Pellegrino si difende: «Sconti a nessuno» Annunciati esposti e querele ai giornalisti

Camicia bianca,
tre avvocati e circa quaranta, tra amici e familiari, che si lasciano andare in fragorosi applausi a interrompere la conferenza stampa. Riccardo Pellegrino, il consigliere comunale finito al centro dell’approfondimento della commissione antimafia per le presunte ombre di Cosa nostra tra i banchi del Comune di Catania, sceglie proprio una sala del palazzo incriminato per difendersi. A sostenerlo ci sono anche l’ex coordinatore regionale di Forza Italia Vincenzo Gibiino e quello provinciale Giuseppe Arcidiacono. Mischiato tra la folla, in cui spiccano diversi camici rossi della partecipata Multiservizi, c’è anche il consigliere comunale Agatino Tringale.
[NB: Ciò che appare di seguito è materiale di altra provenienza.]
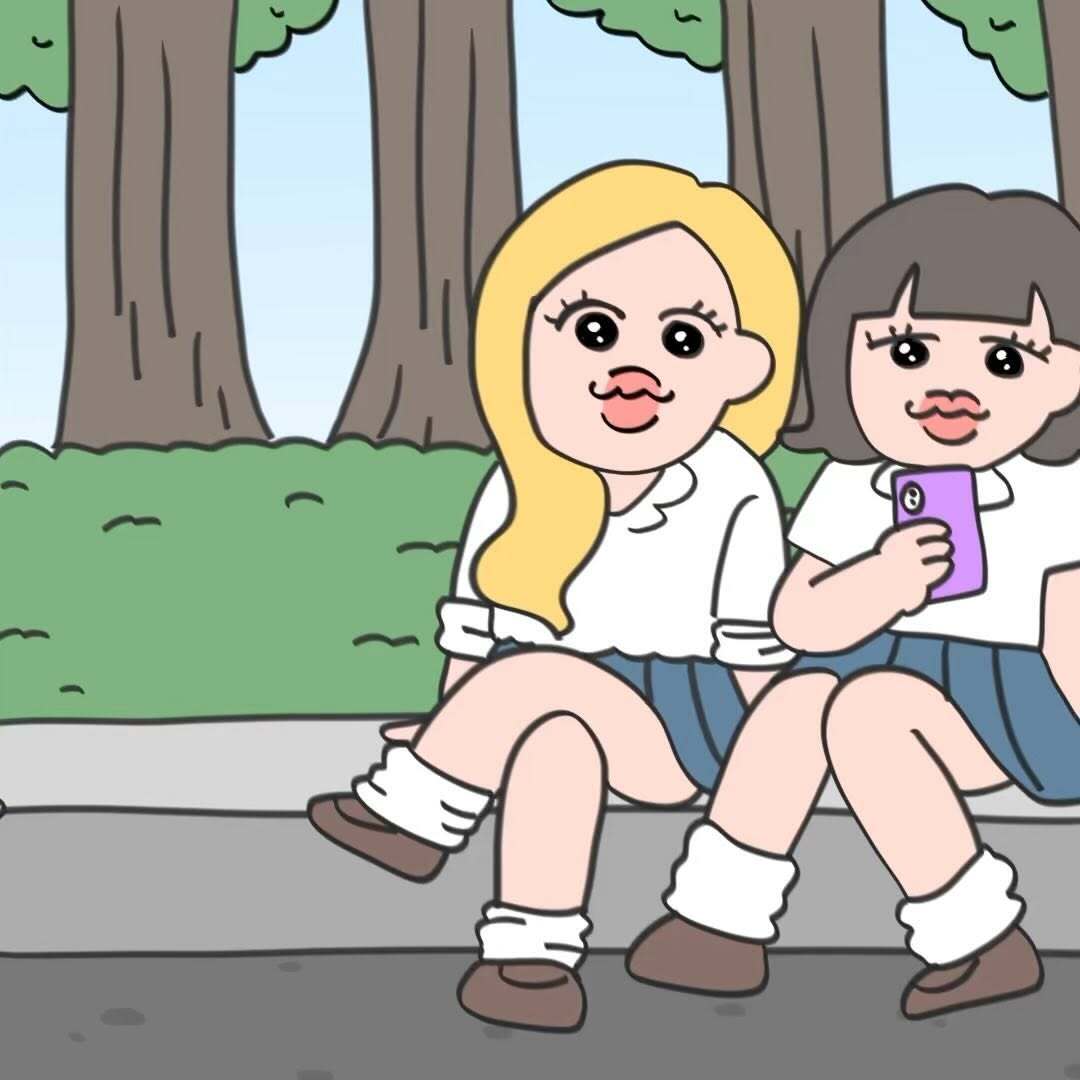 んぽちゃむ『カラオケ』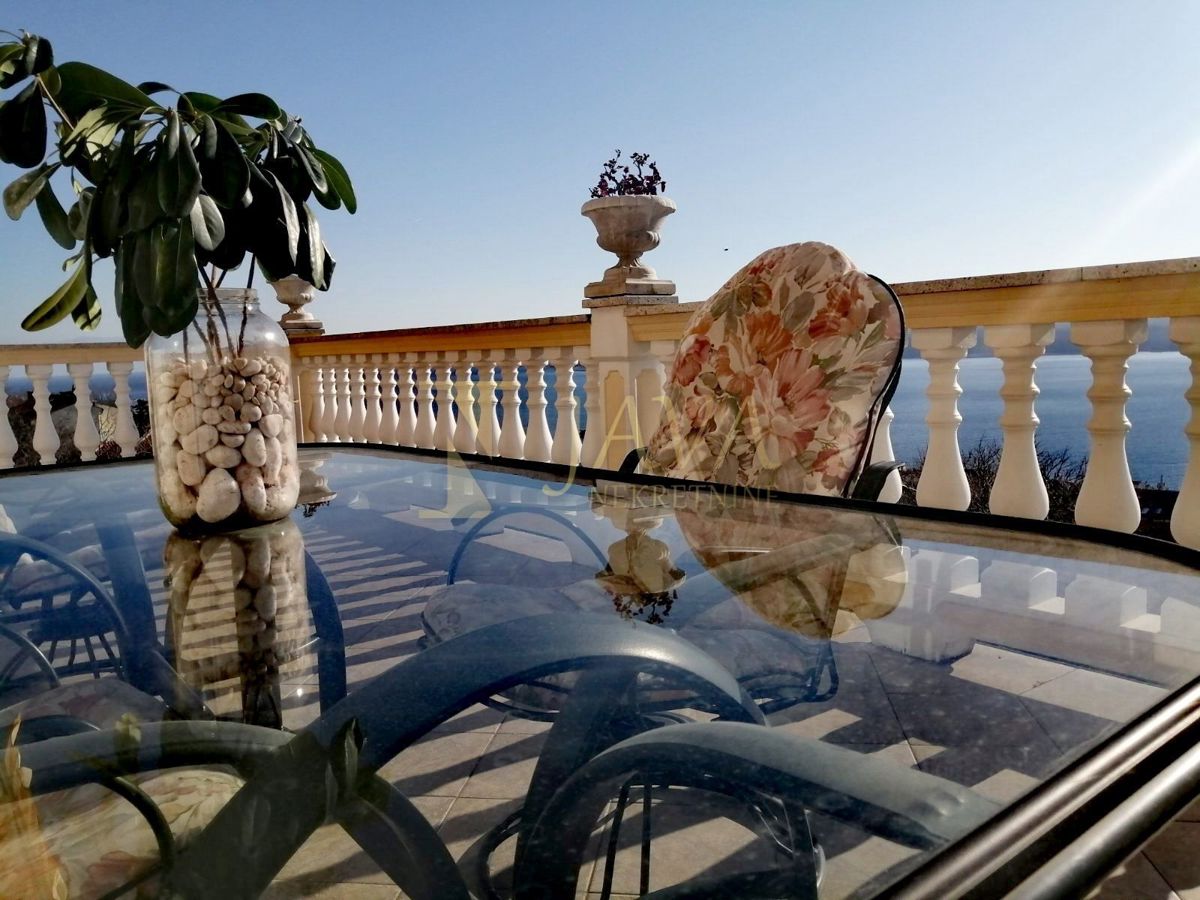 Casa Dramalj, Crikvenica, 300m2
Il primo a prendere la parola, visibilmente commosso quasi con le lacrime agli occhi, è proprio
Pellegrino. Nelle 17 pagine della relazione dell’organismo regionale viene fatto il riferimento alla parentela con il fratello Gaetano. Conosciuto con il nome di Funciutu e considerato dalla procura di Catania tra i più fidati uomini del boss Nuccio Mazzei della cosca dei Carcagnusi. «Io per la politica ho una vocazione, nei miei confronti non è stato fatto nessun compromesso», esordisce il consigliere. Il suo è un intervento breve che alza spesso i decibel degli applausi, sopratutto quando il riferimento passa al quartiere popolare d’appartenenza, San Cristoforo: «Un posto di cui sono orgoglioso, nonostante i problemi come lo spaccio di droga, ma da colpire c’è anche chi la compra». Il politico under 30, si definisce vicino ai valori della chiesa e annuncia di «voler perdonare chi mi ha ucciso». Riferimento diretto a Nello Musumeci, che della commissione antimafia regionale è presidente. L’atto finale dell’intervento sembra però allontanarsi dalle linee guida dei vangeli. Pellegrino si rivolge ai giornali e spiega che «tutto quello che è stato scritto deve essere rimosso». Poi, battendo ripetutamente i pugni sul tavolo conclude, prima dell’ennesimo applauso: «Davanti a questa vicenda non ci saranno sconti per nessuno. Chi deve pagare, deve pagare».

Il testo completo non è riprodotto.